Görüşmelerde ayrıca Afrika Boynuzu bölgesindeki gelişmeler ele alındı. Abdulati, ‘Somali'nin egemenliği, birliği ve toprak bütünlüğüne saygı gösterilmesi ve iç işlerine müdahale edilmesinin reddedilmesi, böylece ülkenin güvenliği ve istikrarının korunması’ gerektiğini teyit ederken ‘Kızıldeniz'de seyrüsefer özgürlüğünün sağlanması’ gerektiğini de belirtti.

frgty7u
Abdulati ve Fidan, dün el-Alameyn'de ortak basın toplantısı düzenledi (Mısır Dışişleri Bakanlığı)

Mısır-Türkiye görüşmeleri bölgesel meselelerle sınırlı kalmadı, ikili ilişkiler de görüşmelerin önemli bir bölümünü oluşturdu. Sisi, Fidan ile yaptığı görüşmede iki ülke arasındaki ikili ilişkilerin güçlendirilmesine devam edilmesinin önemini vurguladı. Bu bağlamda, özellikle 2024 yılının şubat ayında Yüksek Düzeyli Stratejik İşbirliği Konseyi toplantılarının yeniden başlatılması ve bu toplantıların iki ülkenin cumhurbaşkanları düzeyine yükseltilmesi konusunda ortak bildirinin imzalanmasından sonra Mısır-Türkiye ilişkilerinde yaşanan niteliksel gelişmeye dikkati çekti.

Mısır Cumhurbaşkanlığı Sözcüsü Şenavi, görüşmede ekonomik alandaki iş birliğinin güçlendirilmesi, 15 milyar dolarlık ticaret hacmine ulaşılması ve Türk şirketlerinin doların yaklaşık 48 cuneyh olduğu Mısır'daki yatırım projelerine katılımının artırılması gerektiği konusunda karşılıklı mutabakat sağlandığını söyledi.

Her iki ülkenin dışişleri bakanları, özellikle bu yılın Mısır ile Türkiye arasında diplomatik ilişkilerin kurulmasının 100. yıldönümü olması nedeniyle, çeşitli alanlarda ikili iş birliğini güçlendirmeye yönelik ortak kararlılıklarını vurguladılar.

Bölgesel meseleler uzmanı Said, iki ülke arasındaki yatırımlarda ve ekonomik ilişkilerde bir sıçrama yaşandığını ve her iki tarafın da iş birliğini artırmaya özen gösterdiğini değerlendirdi.

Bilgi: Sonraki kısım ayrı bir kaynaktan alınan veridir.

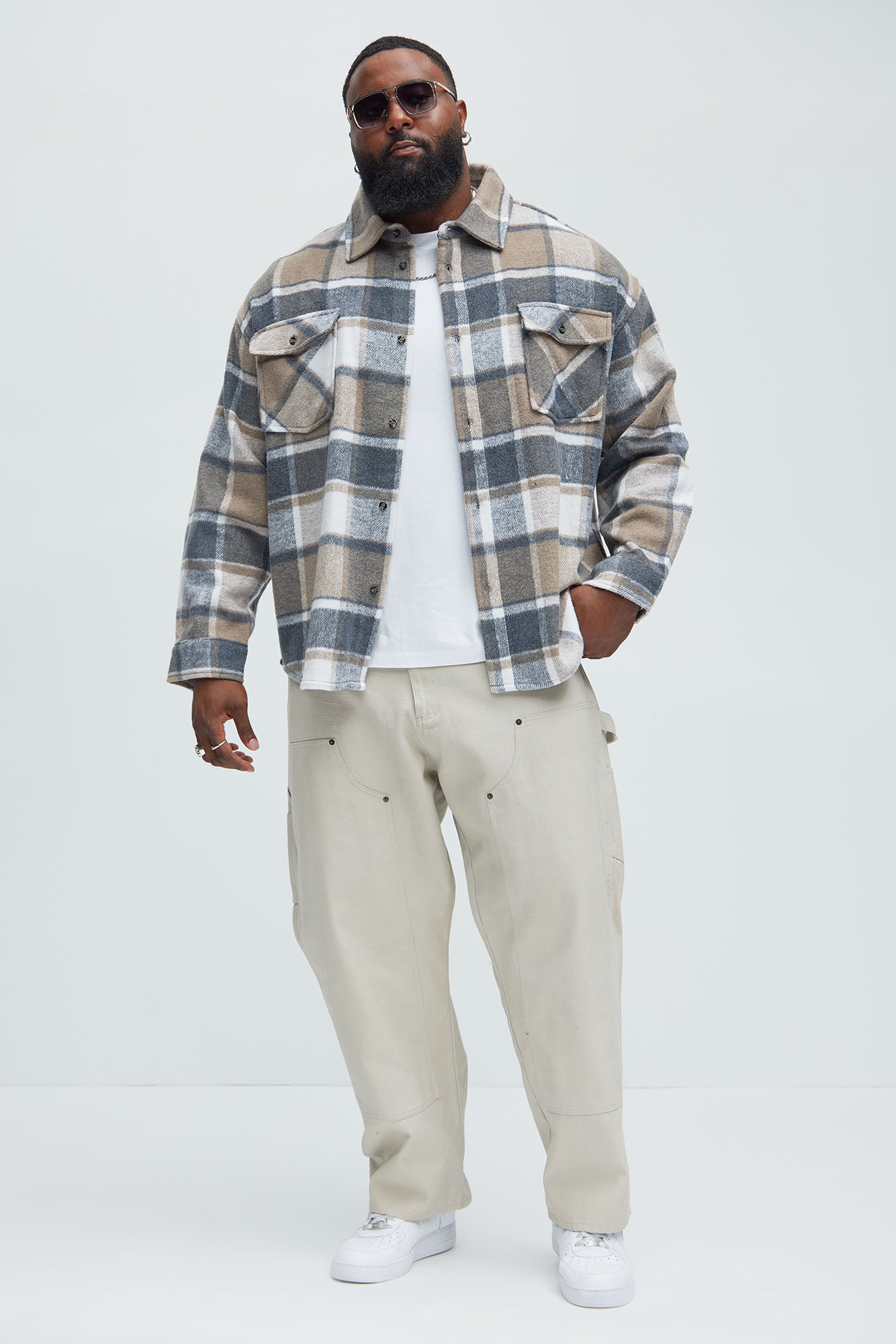 Wanted Plaid Shacket - Tan/Multi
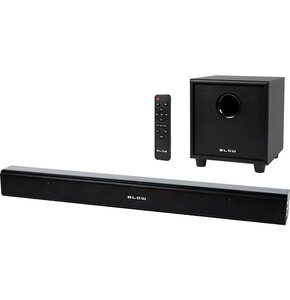 Soundbar BLOW Cinema 4.1 Czarny 2.1-kanałowy, Bezprzewodowy Subwoofer, HDMI, Bluetooth, Uchwyt montażowy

Müslüman Kardeşler dosyasına değinen Said, bu dosyanın halen bir zorluk teşkil etmesine rağmen, çıkarların daha büyük olduğunu ve bu nedenle iki ülkenin bu konuyu pragmatik bir şekilde ele aldığını söyledi. Mısır’ın, Türkiye'den aranan kişilerin iadesini talep etmek için yasal yollara başvuracağını belirten Said, Ankara’nın ise aranan kişileri iade ederek veya başka ülkelere sınır dışı ederek bu dosyanın yükünden kademeli olarak kurtulmaya çalışacağını söyledi.

Mısır-Türkiye ilişkileri, 30 Haziran 2013'teki gösterilerin ardından Mısır'da yasaklanan Müslüman Kardeşler örgütüne Ankara'nın verdiği destek nedeniyle bir on yıl süren kopukluk ve gerginliğin ardından normalleşme yönünde bir eğilim gösterdi. Ankara, 2021 martında Mısır ile diplomatik ilişkilerini yeniden başlatacağını duyurdu. Türk yetkililer, Mekameleen, Vatan ve eş-Şark isimli Müslüman Kardeşler'e yakın üç televizyon kanalını ‘Mısır'a karşı kışkırtıcı programlarını durdurmalarını veya Türkiye topraklarından yayın yapmayı tamamen bırakmalarını’ talep etti.